• Entries supplied:

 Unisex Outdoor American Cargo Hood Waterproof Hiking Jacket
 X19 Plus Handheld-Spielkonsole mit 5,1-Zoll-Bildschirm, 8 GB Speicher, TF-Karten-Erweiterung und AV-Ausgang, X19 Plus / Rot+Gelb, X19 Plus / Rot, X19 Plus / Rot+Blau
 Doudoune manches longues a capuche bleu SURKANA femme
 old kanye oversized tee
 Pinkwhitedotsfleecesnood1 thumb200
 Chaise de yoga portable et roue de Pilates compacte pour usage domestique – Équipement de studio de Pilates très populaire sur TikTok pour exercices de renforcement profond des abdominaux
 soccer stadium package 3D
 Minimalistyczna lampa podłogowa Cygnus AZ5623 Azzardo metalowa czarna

* * *

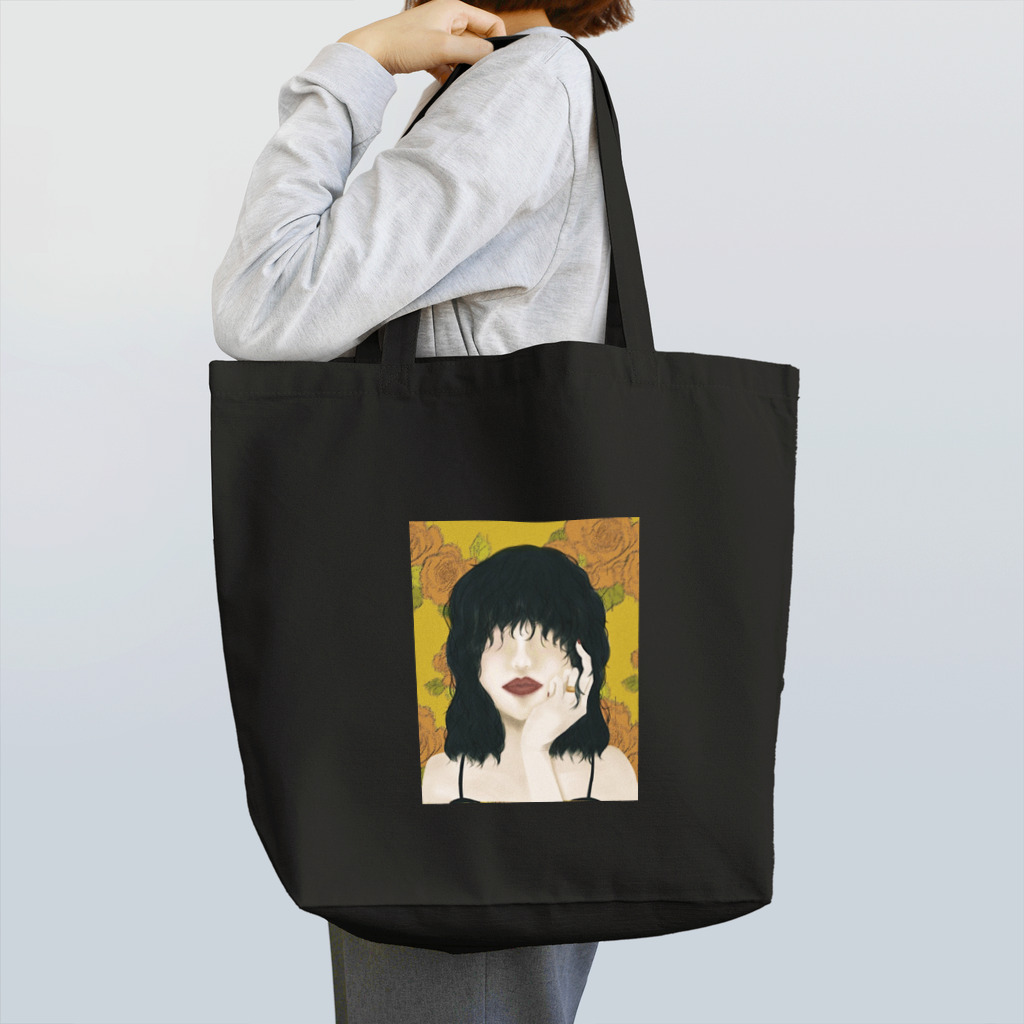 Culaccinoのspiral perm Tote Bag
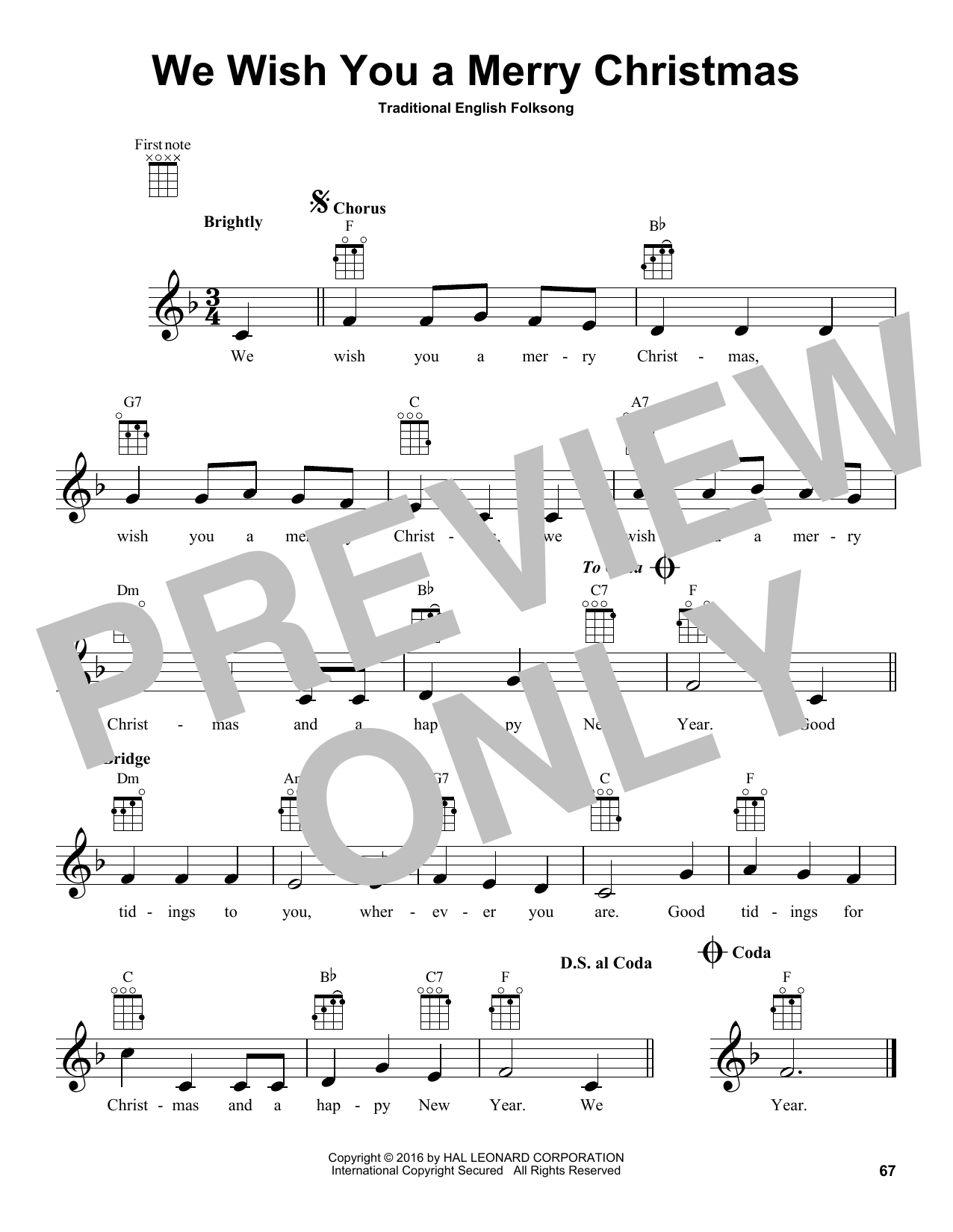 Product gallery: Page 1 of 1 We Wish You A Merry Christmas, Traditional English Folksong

• What you are asked to do: Reproduce, character for character, only the lines of the preceding data that start at the line with "Doudoune manches longues" and end at the line with "Minimalistyczna lampa podłogowa", both included.

• Output of the exercise:
 Doudoune manches longues a capuche bleu SURKANA femme
 old kanye oversized tee
 Pinkwhitedotsfleecesnood1 thumb200
 Chaise de yoga portable et roue de Pilates compacte pour usage domestique – Équipement de studio de Pilates très populaire sur TikTok pour exercices de renforcement profond des abdominaux
 soccer stadium package 3D
 Minimalistyczna lampa podłogowa Cygnus AZ5623 Azzardo metalowa czarna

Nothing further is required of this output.